[Directions] Whatever runs from the line with "Ông Huỳnh Tấn" to the end of the records below must be copied exactly, with nothing else included.

[Supplied data Boundary: Start]

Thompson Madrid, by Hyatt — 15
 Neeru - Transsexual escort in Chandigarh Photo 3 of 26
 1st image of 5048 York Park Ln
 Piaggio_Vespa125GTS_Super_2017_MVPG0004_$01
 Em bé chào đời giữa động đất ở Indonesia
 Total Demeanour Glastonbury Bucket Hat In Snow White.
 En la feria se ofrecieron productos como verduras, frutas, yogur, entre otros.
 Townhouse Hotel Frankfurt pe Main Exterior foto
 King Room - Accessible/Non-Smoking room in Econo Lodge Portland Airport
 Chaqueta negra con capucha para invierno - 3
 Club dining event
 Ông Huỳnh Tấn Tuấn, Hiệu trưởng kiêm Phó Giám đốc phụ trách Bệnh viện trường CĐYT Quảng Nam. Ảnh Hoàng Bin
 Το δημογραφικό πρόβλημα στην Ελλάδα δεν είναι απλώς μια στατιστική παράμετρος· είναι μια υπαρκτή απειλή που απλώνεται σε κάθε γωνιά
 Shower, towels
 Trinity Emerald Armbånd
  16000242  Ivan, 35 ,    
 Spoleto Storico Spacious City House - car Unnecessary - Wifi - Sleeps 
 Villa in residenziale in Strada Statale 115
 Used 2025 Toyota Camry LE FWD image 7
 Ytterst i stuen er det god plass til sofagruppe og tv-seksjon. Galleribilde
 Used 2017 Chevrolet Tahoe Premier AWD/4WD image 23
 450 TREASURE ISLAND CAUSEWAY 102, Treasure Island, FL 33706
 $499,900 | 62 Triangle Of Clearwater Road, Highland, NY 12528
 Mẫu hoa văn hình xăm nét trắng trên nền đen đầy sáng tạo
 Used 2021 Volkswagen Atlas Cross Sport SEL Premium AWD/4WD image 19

[Supplied data Boundary: End]

[Exercise output]
 Ông Huỳnh Tấn Tuấn, Hiệu trưởng kiêm Phó Giám đốc phụ trách Bệnh viện trường CĐYT Quảng Nam. Ảnh Hoàng Bin
 Το δημογραφικό πρόβλημα στην Ελλάδα δεν είναι απλώς μια στατιστική παράμετρος· είναι μια υπαρκτή απειλή που απλώνεται σε κάθε γωνιά
 Shower, towels
 Trinity Emerald Armbånd
  16000242  Ivan, 35 ,    
 Spoleto Storico Spacious City House - car Unnecessary - Wifi - Sleeps 
 Villa in residenziale in Strada Statale 115
 Used 2025 Toyota Camry LE FWD image 7
 Ytterst i stuen er det god plass til sofagruppe og tv-seksjon. Galleribilde
 Used 2017 Chevrolet Tahoe Premier AWD/4WD image 23
 450 TREASURE ISLAND CAUSEWAY 102, Treasure Island, FL 33706
 $499,900 | 62 Triangle Of Clearwater Road, Highland, NY 12528
 Mẫu hoa văn hình xăm nét trắng trên nền đen đầy sáng tạo
 Used 2021 Volkswagen Atlas Cross Sport SEL Premium AWD/4WD image 19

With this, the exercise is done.